Task to complete:
The required copy runs from the first line of the material through the line containing "Academy Of St", exactly as written and without pictures.

Information supplied:
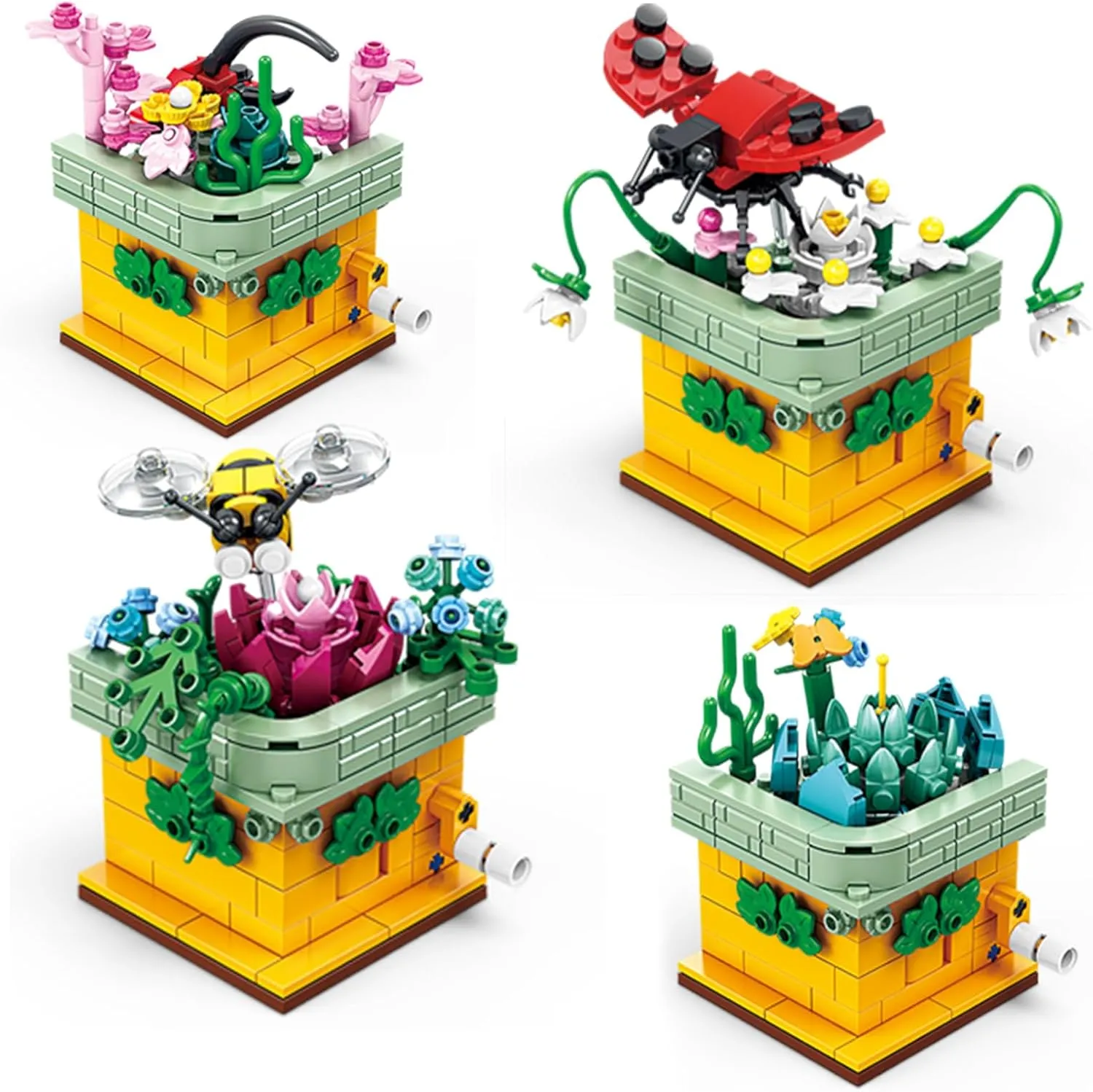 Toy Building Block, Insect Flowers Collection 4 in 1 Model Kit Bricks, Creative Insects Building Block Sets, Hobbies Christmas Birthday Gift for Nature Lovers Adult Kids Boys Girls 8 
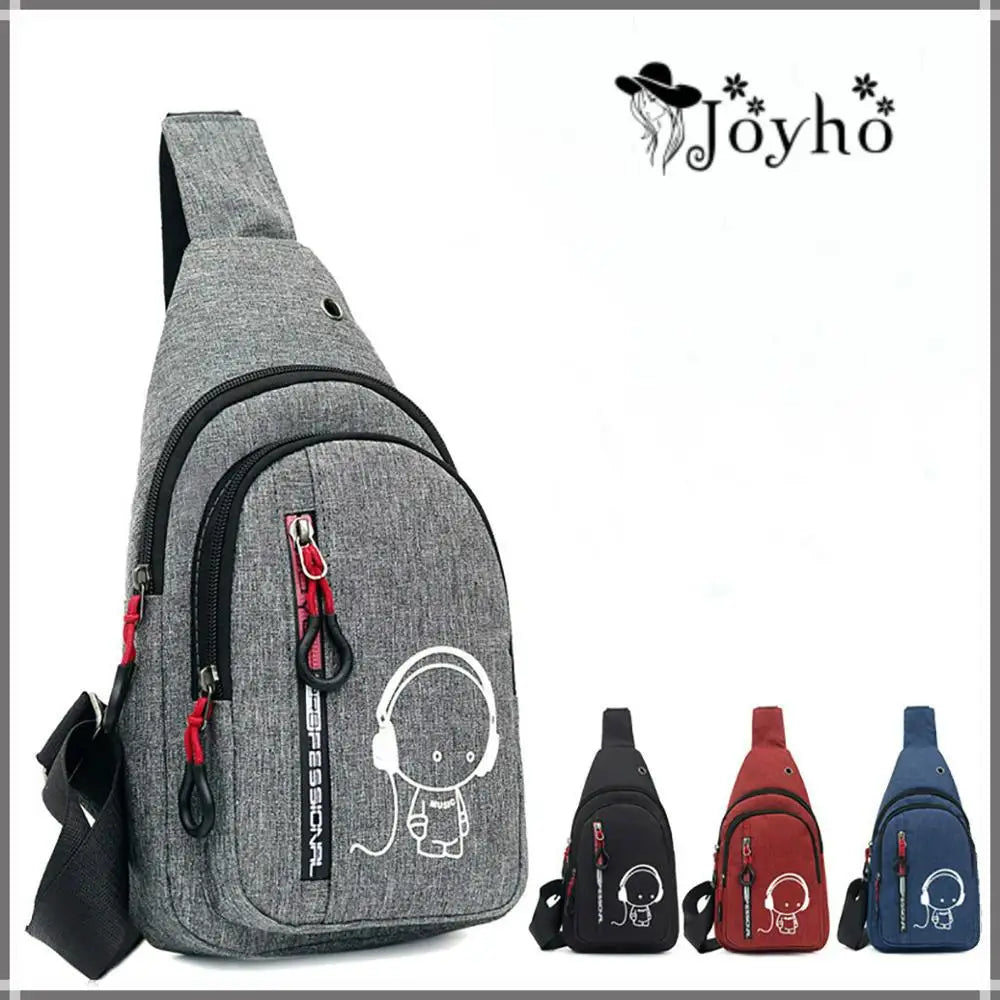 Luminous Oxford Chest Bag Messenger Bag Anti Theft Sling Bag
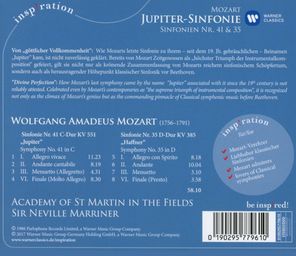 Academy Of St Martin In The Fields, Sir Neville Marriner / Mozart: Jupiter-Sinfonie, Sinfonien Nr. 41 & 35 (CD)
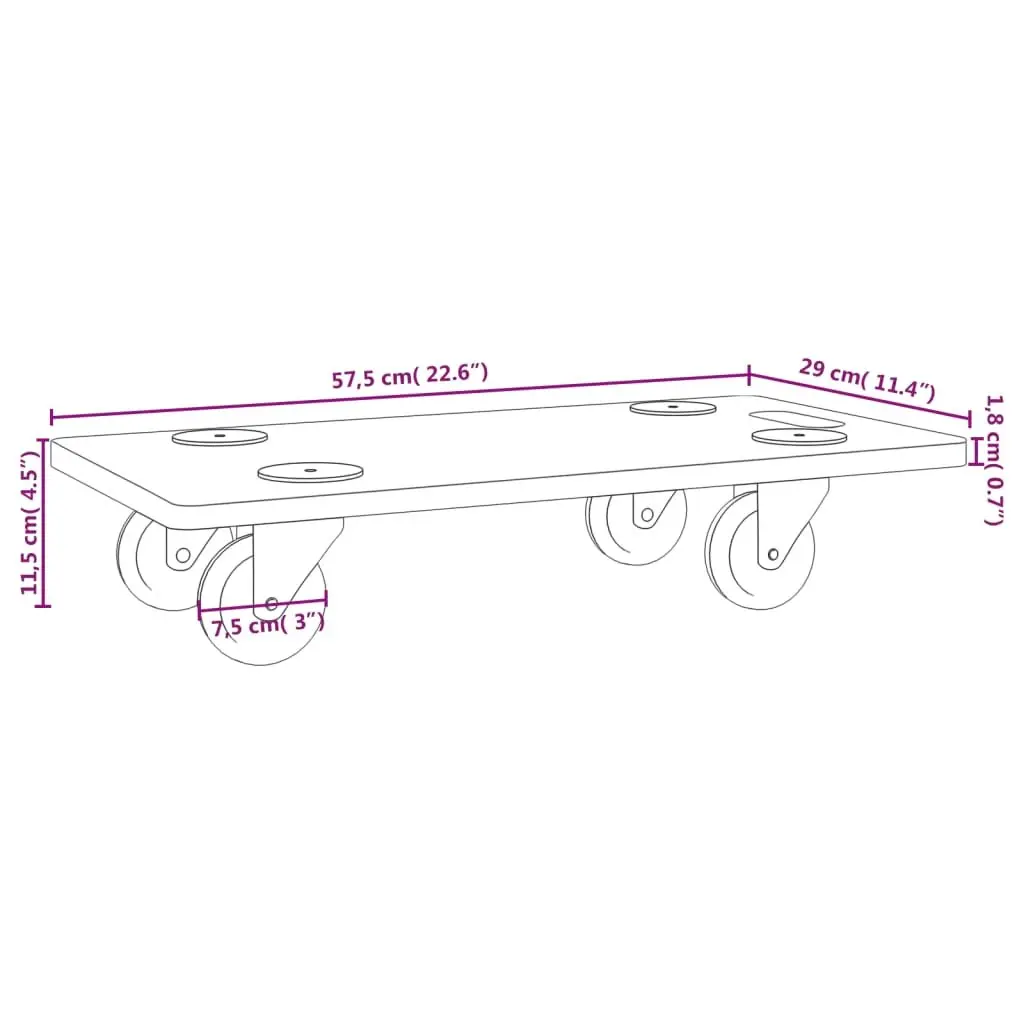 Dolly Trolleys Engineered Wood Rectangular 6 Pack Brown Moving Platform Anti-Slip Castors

Answer space:
 Toy Building Block, Insect Flowers Collection 4 in 1 Model Kit Bricks, Creative Insects Building Block Sets, Hobbies Christmas Birthday Gift for Nature Lovers Adult Kids Boys Girls 8 
 Luminous Oxford Chest Bag Messenger Bag Anti Theft Sling Bag
 Academy Of St Martin In The Fields, Sir Neville Marriner / Mozart: Jupiter-Sinfonie, Sinfonien Nr. 41 & 35 (CD)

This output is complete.